Labour markets: a blind spot for merger control?
Recent months have seen increased discussion of merger control in Europe. One central question is whether the impact on labour markets should be examined directly, or indirectly in terms of product market concentration. We shed light on the main arguments in this debate, and discuss some of the challenges that would be faced by competition authorities if they were to consider labour markets concentration in their merger assessments.
The role of competition policy in society has recently come under scrutiny. The standard merger control framework focuses on consumer welfare and product markets.
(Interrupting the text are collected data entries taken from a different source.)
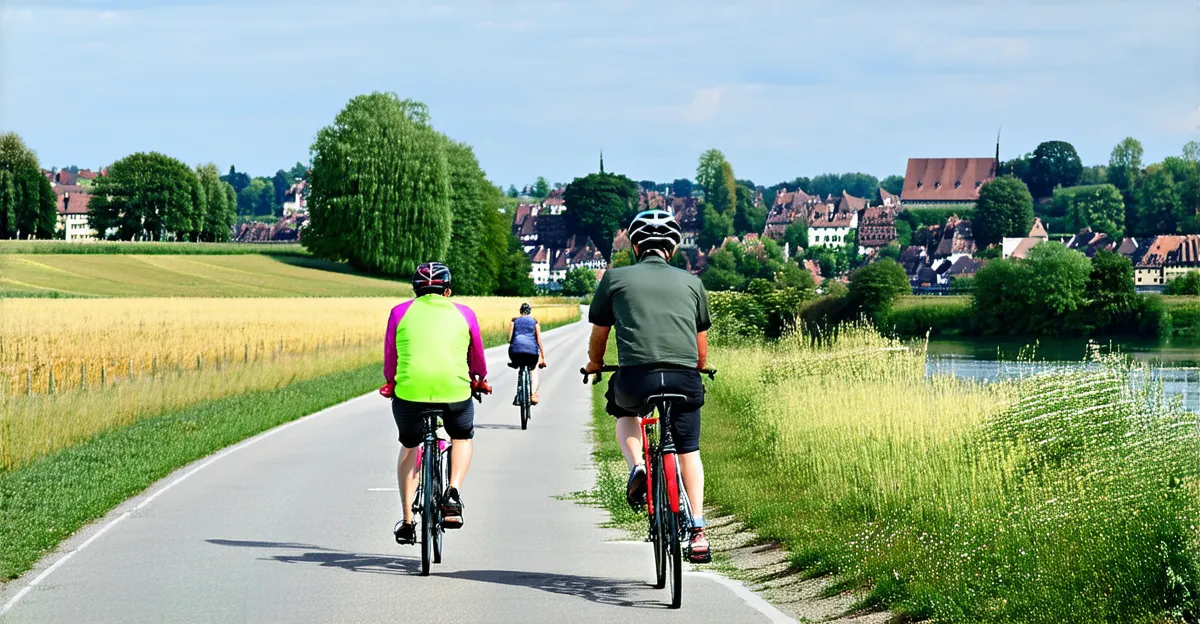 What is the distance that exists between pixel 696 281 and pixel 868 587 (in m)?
2.03

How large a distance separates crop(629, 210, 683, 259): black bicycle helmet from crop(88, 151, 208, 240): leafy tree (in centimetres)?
12783

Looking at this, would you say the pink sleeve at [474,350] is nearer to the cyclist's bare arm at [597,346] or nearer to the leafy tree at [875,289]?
the cyclist's bare arm at [597,346]

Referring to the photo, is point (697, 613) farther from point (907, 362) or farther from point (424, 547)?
point (907, 362)

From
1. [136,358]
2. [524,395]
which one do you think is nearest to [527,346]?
[524,395]

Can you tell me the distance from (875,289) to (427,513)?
83617mm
However, a range of proposals have been made about expanding the scope of competition policy to cover broader policy objectives, including labour market outcomes. Some national merger decisions have seen politicians deviate from decisions by national competition authorities due to concerns about labour market outcomes.1
In May 2019, the Oxera Economics Council met to discuss competition in labour markets. This article is the second of two that present insights from these discussions, and focuses on the analysis of labour market competition in the context of merger control.2
There are two main proposed approaches to expanding the scope of competition policy to cover the labour market—the ‘industrial policy’ approach and the ‘competition policy’ approach. This article looks at some of the cases and proposals that have been debated in this context. It then looks at recent academic proposals for how to extend standard merger control tools to the competition assessment of labour markets in addition to product markets. The discussion focuses on challenges in defining relevant labour markets, but also exemplifies some of the broader challenges encountered in expanding competition tools to cover labour markets.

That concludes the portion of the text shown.